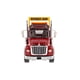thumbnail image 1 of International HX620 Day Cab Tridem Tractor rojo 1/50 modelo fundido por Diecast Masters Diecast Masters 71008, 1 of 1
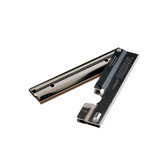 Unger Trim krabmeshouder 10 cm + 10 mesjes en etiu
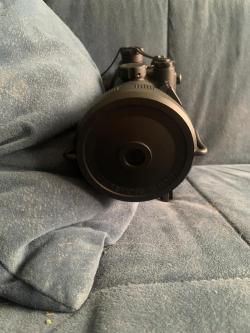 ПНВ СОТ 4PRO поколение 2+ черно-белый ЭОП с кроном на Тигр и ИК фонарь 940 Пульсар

...

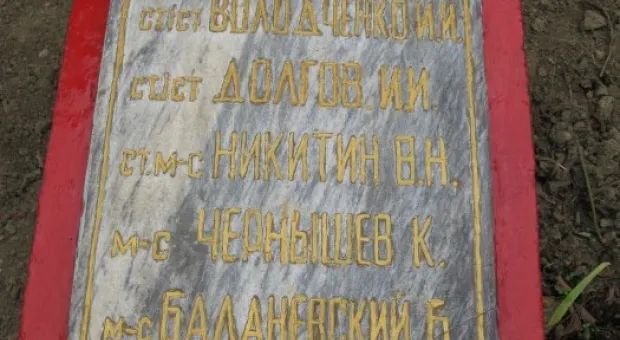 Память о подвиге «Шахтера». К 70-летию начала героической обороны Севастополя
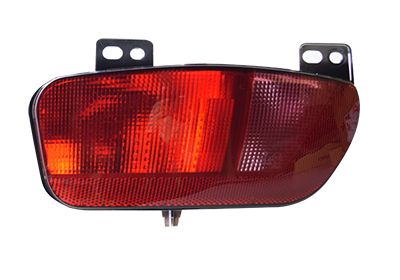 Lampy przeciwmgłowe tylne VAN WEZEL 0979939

Exercise description
Transcribe only the lines above that start at the line containing "Unger Trim krabmeshouder" and end at the line containing "ПНВ СОТ 4PRO". Omit pictures.

Expected output
 Unger Trim krabmeshouder 10 cm + 10 mesjes en etiu
 ПНВ СОТ 4PRO поколение 2+ черно-белый ЭОП с кроном на Тигр и ИК фонарь 940 Пульсар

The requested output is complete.